Paul Collier’s Exodus, which I reviewed in Inroads in 2014, is an economist’s assessment of the pros and cons of large-scale immigration. He began the book with a précis of his family history. Prior to World War I, his grandfather, Karl Hellenschmidt, migrated from an impoverished German village to Bradford, at the time a prosperous city in northern England. Come the war, a “gutter rag” newspaper labelled Hellenschmidt a traitor and a mob ransacked his shop. Paul’s grandfather was interned; his grandmother sank into terminal depression. His father, age 12, left school to run the shop. A quarter-century later, the threat of European war reemerged and Paul’s father decided to change his name and his identity and become English.

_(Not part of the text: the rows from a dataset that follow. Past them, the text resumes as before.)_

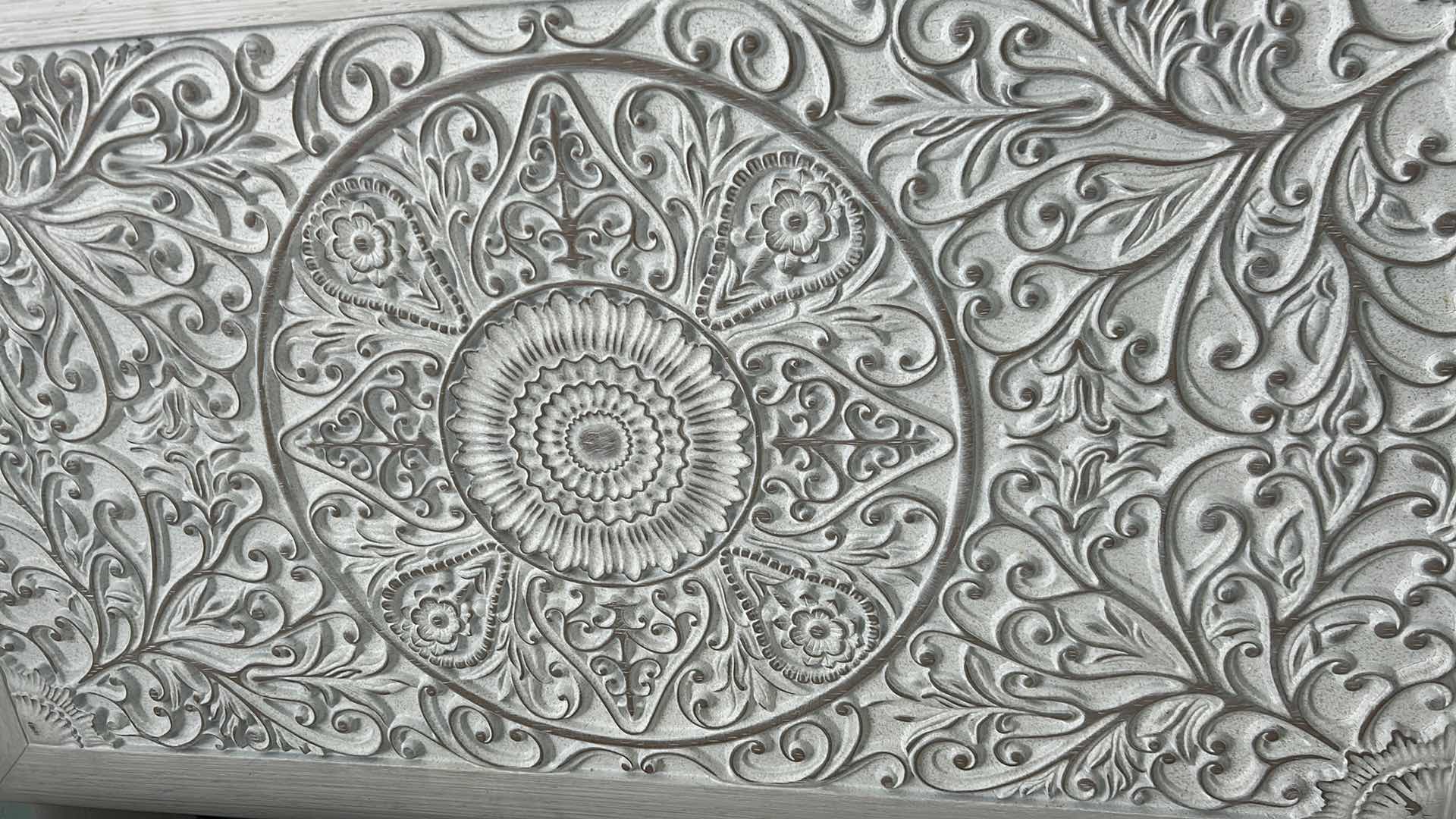 Photo 1 of ASHLEY PAXBERRY BOHO CHIC PANEL FULL HEADBOARD IN WHTEWASHED FINISH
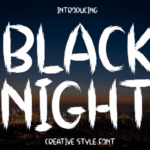 Black Night Font - Featured Image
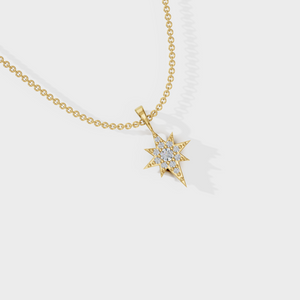 Studded North Star Necklace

Given this family history, the reader might reasonably expect a vigorous denunciation of host-country nationalism and a defence of immigrants’ rights. That is not Collier’s conclusion. A strong national identity, he argues, is a necessary – although obviously not sufficient – condition for a society to have a successful set of social programs. Without a reasonably strong national identity, he argues, the rich will not agree to pay high taxes to fund programs that disproportionately benefit the poor. While the host country has an obligation to suppress violent anti-immigrant activities, immigrants have an obligation to integrate and accept core features of the host country’s national culture – such as expectations of group reciprocity on social programs. More on reciprocity below.
In 2014, I agreed with Collier’s conclusion. Immigration is a mixed blessing. As I wrote at the time,
Immigrants clearly benefit from immigration. The benefits to members of the host society are ambiguous and often unevenly distributed. Those left behind in the country of origin may benefit from emigration via several routes, starting with remittances … However, if the state of governance (in the home country) is very low, emigration of the most capable may well be at a level that serves to entrench dysfunction. Collier cites Haiti: most decently educated Haitians are living in New York and Montreal (I should have added Paris). Were they living in Port-au-Prince, they would be less prosperous but their political weight would improve prospects for decent governance.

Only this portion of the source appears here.